I was a very poor college student - married with kids and never, quite, making those ends meet, no matter how hard I pulled at the strings. I don't really know where I fell in the economic spectrum, but income-wise I was probably well below the mark that divides people who are (supposedly) financially independent and those who aren't making enough money to subsist at any level. It was, literally, a matter of shuffling the bills and paying the one that was most urgent (like paying the past due rent so that we wouldn't get evicted and letting some other bill lag).
As a full-time college student with children and a job, I didn't have to time to sit at the social security office waiting for a case worker who would scowl at me, ask me a lot of very personal questions, and then, decide if I was worthy (or unworthy) enough for assistance, and frankly, I didn't want to. It was bad enough applying for food stamps, which I did, once, as a graduate student, when a promised summer job fell through and I was unemployed for a few months.

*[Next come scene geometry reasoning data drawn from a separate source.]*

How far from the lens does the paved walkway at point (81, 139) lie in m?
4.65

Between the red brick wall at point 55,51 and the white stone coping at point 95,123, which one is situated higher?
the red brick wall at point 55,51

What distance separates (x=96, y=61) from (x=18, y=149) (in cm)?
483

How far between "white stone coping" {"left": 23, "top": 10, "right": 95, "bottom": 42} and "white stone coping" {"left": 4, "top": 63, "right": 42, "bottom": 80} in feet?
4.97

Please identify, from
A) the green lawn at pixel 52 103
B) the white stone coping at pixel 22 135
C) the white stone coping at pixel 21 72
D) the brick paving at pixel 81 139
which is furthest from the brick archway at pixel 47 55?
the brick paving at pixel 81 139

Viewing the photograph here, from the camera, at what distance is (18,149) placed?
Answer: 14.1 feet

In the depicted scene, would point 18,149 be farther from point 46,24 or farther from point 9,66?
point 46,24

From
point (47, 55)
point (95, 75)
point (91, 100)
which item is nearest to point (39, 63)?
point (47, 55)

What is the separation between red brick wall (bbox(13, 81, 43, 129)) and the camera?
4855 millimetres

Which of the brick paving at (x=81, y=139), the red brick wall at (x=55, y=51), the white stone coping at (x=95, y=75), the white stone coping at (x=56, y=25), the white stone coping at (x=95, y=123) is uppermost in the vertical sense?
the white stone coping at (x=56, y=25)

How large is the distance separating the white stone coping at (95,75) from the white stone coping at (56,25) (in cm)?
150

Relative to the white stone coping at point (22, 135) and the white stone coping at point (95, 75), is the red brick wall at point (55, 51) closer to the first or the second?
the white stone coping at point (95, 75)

Being poor is demoralizing, because, as a culture, we tend to take a pretty negative view of those who can't seem to take care of themselves or their families. We always assume that they're poor through some lack of moral fortitude that enables the rest of us to hold down a full-time job.
Unfortunately, since the 2008 housing market crash, the face of the poor has been changing. Our middle-class perceptions of who and what poor people are were never entirely fair, but what's happening now, as discussed in this article, entitled The Growing Problem of Suburban Poverty is that previously middle class people, those who formerly had steady jobs and incomes, some savings, and a 401K plan, are the new poor.
Sadly, however, unlike those who were living just above the poverty line, the average middle-class suburbanite is woefully ill-equipped to handle poverty-level incomes. Perhaps the worse is their own perceptions of poverty that don't allow them to seek the help they need early enough for that help to be useful, but rather begin to draw on their personal resources (which prove to be horribly inadequate), including a positive credit rating that allows them to try to borrow their way out of poverty. Of course, when we're thinking logically the notion that incurring more debt will somehow, magically, help us get out of debt, is ridiculous, but when faced with mounting financial issues and no income ... we do what we feel we have to do.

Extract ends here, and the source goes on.